Откуда все это пришло? И почему пришло так быстро, нахально и жирно? Почему щемящая тоска в душе и сумятица в мыслях?..
Будто попала она в чужую страну, и ушло из души что-то дорогое, невозвратимое, без чего нельзя жить. И еще — стыд, позор и неосознанный страх. Боялась — подойдет к ней кто-нибудь из рабочих или из этих вот оборванцев, изъеденных голодом, с гнойными глазами, и спросит в упор:
— Ну? Так вот до чего вы достукались? Вот чего вы хотели? Бей их, подлецов и обманщиков!..
И эта постоянная боязнь дурманила ей голову галлюцинациями.
Однажды, в конце августа, на набережной, на рельсах и на угольной пыли каботажа, она увидела большую толпу оборванных, волосатых людей. Они грудой лежали, сидели, копошились вповалку — мужики, бабы, детишки.
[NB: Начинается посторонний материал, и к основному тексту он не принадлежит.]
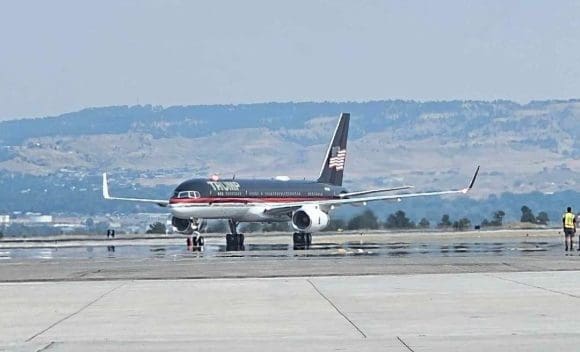 Avión de Trump sufre falla durante vuelo y aterriza en Montana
Пищали, захлебывались, надрывались от плача грудные младенцы, кто-то глухо стонал. Бабы искали вшей в головах друг у дружки, мужики — в рубашках и в очкурах штанов. И липа у всех — в водянке.
Прохожие — деловые люди — с любопытством и строгим изумлением останавливались и нюхали воздух.
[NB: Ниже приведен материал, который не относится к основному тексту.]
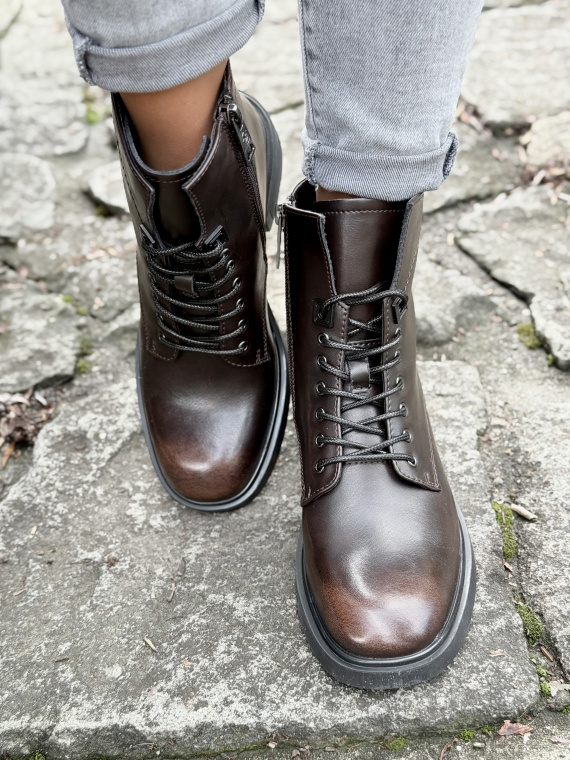 Botki damskie ze skóry naturalnej – styl i wygoda na lata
— Что это такое? Голодающие?
А из пыльной, вонючей свалки сипло мычали:
— Бя-ада, братцы!.. Занес вот бог — все одно горе мыкать… Може, дай бог, оклемаемся, отудобим… С Волги… с голодающей земли.
И до самого окружкома Поля больно несла в себе этот дрожащий сиплый голос, затерянный в стоне, в смердящих телах, и этот жалобный писк грудного младенца.
— Бя-ада!..
И потом каждый день по улицам города бродили целыми семьями и в одиночку эти голодающие мужики с овчинными лицами в дерюгах и лаптях, с детишками на руках, и пели слабыми, икающими голосами:
— Помогите… голодающие… помираем…
По ночам Поля спала в кошмарах, часами мучилась бессонницей и в эти часы слышала то, что слышала днем, — ясно, назойливо, мучительно: играл струнный оркестр, далекий и манящий, чакали игральные кости, и под окном, на улице, жалобно плакали тусклые голоса:
— Помогите!.. Братцы!.. Бя-ада!..
Она вскакивала с кровати, шлепала босыми ногами к окну, с бьющимся сердцем, с сверлящей болью в голове, и смотрела в ночь. Тишина, пустой мрак и безлюдье. Прислушивалась и опять возвращалась в постельную духоту. Засыпала. Опять просыпалась от странных, потрясающих толчков, И опять — далекие скрипки, щелканье костей, смех, надрывная мольба и писк грудных младенцев.
И вот в одну из этих знойных, бессонных ночей случилось то, чего она ждала давно, как неизбежного.
Где-то распахнулась дверь и сразу ахнула голосами и хохотом, и эти голоса раскатились по коридору, зарокотали и поплыли далеко, переплетаясь в невнятных перекликах.